■ Task goal ■
With both ends included, repeat exactly the lines of the entries below from the one containing "Slide: The Image" down to the one containing "Pop Bingo Math", and no others.

■ Dataset extract ■

__________________________________________________

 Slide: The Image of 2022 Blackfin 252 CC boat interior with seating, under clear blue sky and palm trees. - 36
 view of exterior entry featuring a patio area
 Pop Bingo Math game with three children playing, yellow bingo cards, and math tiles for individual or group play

__________________________________________________

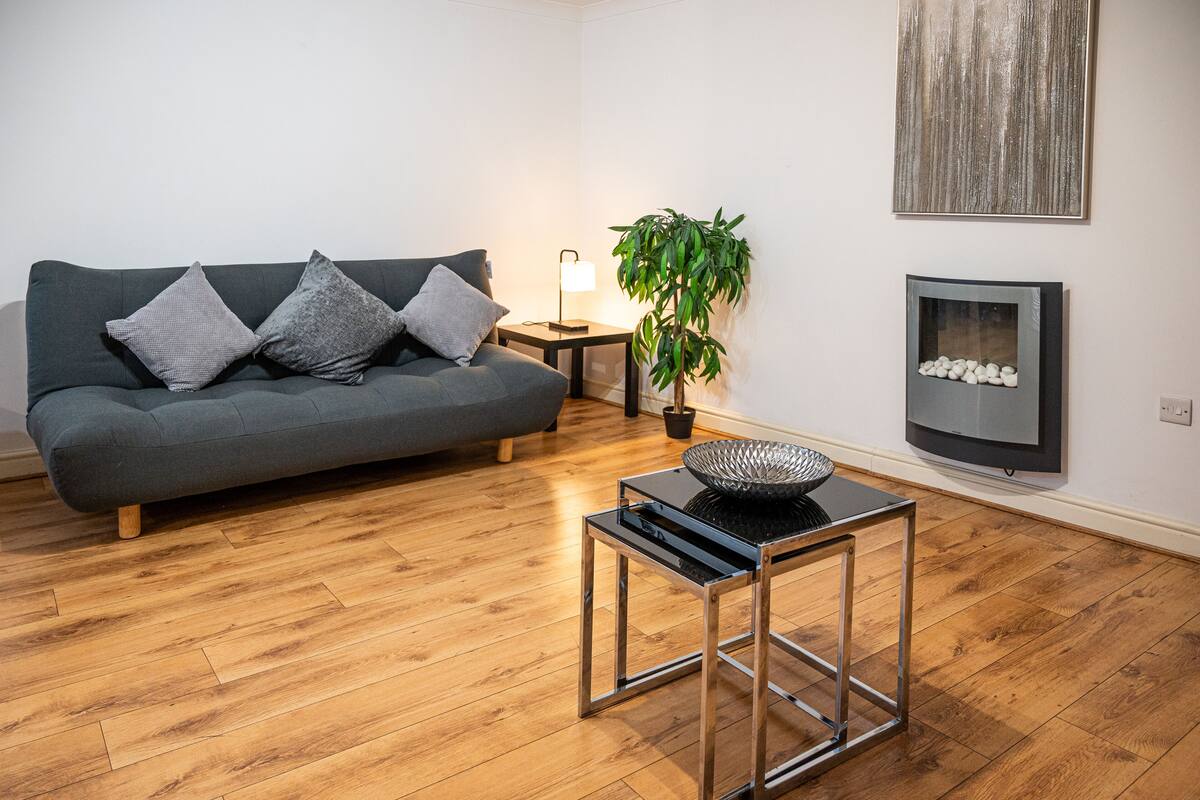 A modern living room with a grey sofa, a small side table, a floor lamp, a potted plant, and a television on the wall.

__________________________________________________

■ Exercise answer ■
 Slide: The Image of 2022 Blackfin 252 CC boat interior with seating, under clear blue sky and palm trees. - 36
 view of exterior entry featuring a patio area
 Pop Bingo Math game with three children playing, yellow bingo cards, and math tiles for individual or group play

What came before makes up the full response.